S'agissant du ministère de la Défense, force est de reconnaître qu'il avait pris une longueur d'avance puisque sa politique de cessions immobilières remonte à 1987, dans le cadre de la loi de programmation militaire de l'époque. Il avait, pour ce faire, créé la Mission pour la réalisation des actifs immobiliers, la MRAI. Dans le cadre de l'unification de la fonction de l'État propriétaire, nous tentons d'appliquer à l'ensemble des administrations, quelles qu'elles soient, et sous réserve de quelques exceptions, les mêmes règles en matière de politique immobilière. Le ministère de la Défense bénéficie d'une exception concernant la contribution des cessions immobilières au désendettement de l'État, fixée en règle générale à 15 %. Sur ce sujet du désendettement, la loi de finances pour 2009 n'a fait que consacrer ce qui se faisait mais a donné une force légale à ces usages et préservé ainsi la contribution au désendettement.
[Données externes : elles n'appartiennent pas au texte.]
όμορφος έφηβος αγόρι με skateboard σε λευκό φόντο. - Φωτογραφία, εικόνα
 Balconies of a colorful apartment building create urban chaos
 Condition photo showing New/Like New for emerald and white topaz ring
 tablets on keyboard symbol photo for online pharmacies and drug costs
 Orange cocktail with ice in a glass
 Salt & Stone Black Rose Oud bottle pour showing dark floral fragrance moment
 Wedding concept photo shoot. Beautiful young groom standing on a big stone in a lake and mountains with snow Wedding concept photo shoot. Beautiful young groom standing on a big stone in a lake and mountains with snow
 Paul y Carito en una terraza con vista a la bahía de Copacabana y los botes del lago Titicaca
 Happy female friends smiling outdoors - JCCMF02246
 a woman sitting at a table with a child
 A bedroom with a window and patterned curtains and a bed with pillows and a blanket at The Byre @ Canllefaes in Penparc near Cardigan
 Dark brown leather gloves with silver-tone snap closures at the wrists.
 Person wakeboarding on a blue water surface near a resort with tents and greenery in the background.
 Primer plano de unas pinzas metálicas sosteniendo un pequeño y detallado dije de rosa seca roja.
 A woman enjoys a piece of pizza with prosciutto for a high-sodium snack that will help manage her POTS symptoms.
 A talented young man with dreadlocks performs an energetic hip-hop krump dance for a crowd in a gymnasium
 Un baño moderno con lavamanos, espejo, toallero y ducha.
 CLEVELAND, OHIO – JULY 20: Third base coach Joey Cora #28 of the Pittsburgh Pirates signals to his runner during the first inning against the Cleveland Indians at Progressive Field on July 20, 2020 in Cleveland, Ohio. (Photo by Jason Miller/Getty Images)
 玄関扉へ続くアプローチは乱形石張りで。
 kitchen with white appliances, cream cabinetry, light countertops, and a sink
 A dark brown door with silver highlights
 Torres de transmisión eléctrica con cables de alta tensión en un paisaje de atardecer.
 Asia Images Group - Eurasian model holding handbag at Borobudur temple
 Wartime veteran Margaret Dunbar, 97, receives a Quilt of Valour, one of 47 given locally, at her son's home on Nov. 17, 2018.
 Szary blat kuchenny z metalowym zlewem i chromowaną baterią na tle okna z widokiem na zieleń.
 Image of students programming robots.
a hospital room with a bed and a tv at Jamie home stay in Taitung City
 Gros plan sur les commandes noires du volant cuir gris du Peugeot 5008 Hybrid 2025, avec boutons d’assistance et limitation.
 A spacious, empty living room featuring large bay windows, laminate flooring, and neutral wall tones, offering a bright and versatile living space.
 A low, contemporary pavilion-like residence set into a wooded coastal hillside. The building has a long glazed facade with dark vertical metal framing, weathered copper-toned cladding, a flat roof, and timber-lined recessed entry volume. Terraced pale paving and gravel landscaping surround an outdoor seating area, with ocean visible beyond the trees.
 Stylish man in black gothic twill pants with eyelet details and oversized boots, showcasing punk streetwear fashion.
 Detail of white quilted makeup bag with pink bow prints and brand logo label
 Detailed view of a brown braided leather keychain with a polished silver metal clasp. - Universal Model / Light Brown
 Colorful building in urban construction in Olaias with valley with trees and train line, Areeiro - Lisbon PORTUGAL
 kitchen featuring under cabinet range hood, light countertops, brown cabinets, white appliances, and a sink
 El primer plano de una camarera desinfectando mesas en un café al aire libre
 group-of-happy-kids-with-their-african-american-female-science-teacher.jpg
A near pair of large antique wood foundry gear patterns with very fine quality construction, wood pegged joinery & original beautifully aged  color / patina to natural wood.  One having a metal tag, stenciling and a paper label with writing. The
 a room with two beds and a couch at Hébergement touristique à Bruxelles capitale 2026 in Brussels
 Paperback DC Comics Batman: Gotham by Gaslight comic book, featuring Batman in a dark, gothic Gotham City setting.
Qui procède aux évaluations ? Que ce soit pour le ministère de la Défense ou pour un autre, c'est France Domaine. Notre évaluation fait office de borne de référence, la position constante de tous les ministres du Budget successifs étant qu'il ne faut en aucun cas risquer d'être accusé d'avoir « bradé » le patrimoine de l'État. Lorsque nous procédons par appel d'offres, ce qui est la règle, et que les propositions des soumissionnaires sont supérieures à notre évaluation, nous retenons la plus élevée, une fois effectués les contrôles nécessaires auprès de Tracfin, de l'administration fiscale et, maintenant, de la direction centrale du Renseignement intérieur. Lorsqu'elles sont en deçà, les instructions sont claires : nous déclarons l'appel d'offres infructueux et, soit, nous reportons l'opération, soit nous procédons à un réaménagement des conditions de la vente pour la relancer
Traditionnellement, les opérations de cession de la Défense ne faisaient pas l'objet d'appel d'offres et étaient conclues de gré à gré, parce que la procédure d'appel d'offres est extrêmement récente : elle date de l'institution de la nouvelle politique immobilière de l'État. En outre, la nature des biens vendus, souvent situés en centre ville et élément essentiel du patrimoine d'une collectivité, est telle que les collectivités locales sont souvent intéressées, si bien que le gré à gré est de mise. De manière générale, même en cas d'appel d'offres, la loi nous fait obligation de soumettre nos propositions en priorité aux collectivités locales. Lorsqu'elles répondent favorablement, nous leur cédons à la valeur domaniale. Dans la négative, nous lançons l'appel d'offres sans indiquer la valeur domaniale, qui constitue pour nous le prix de réserve.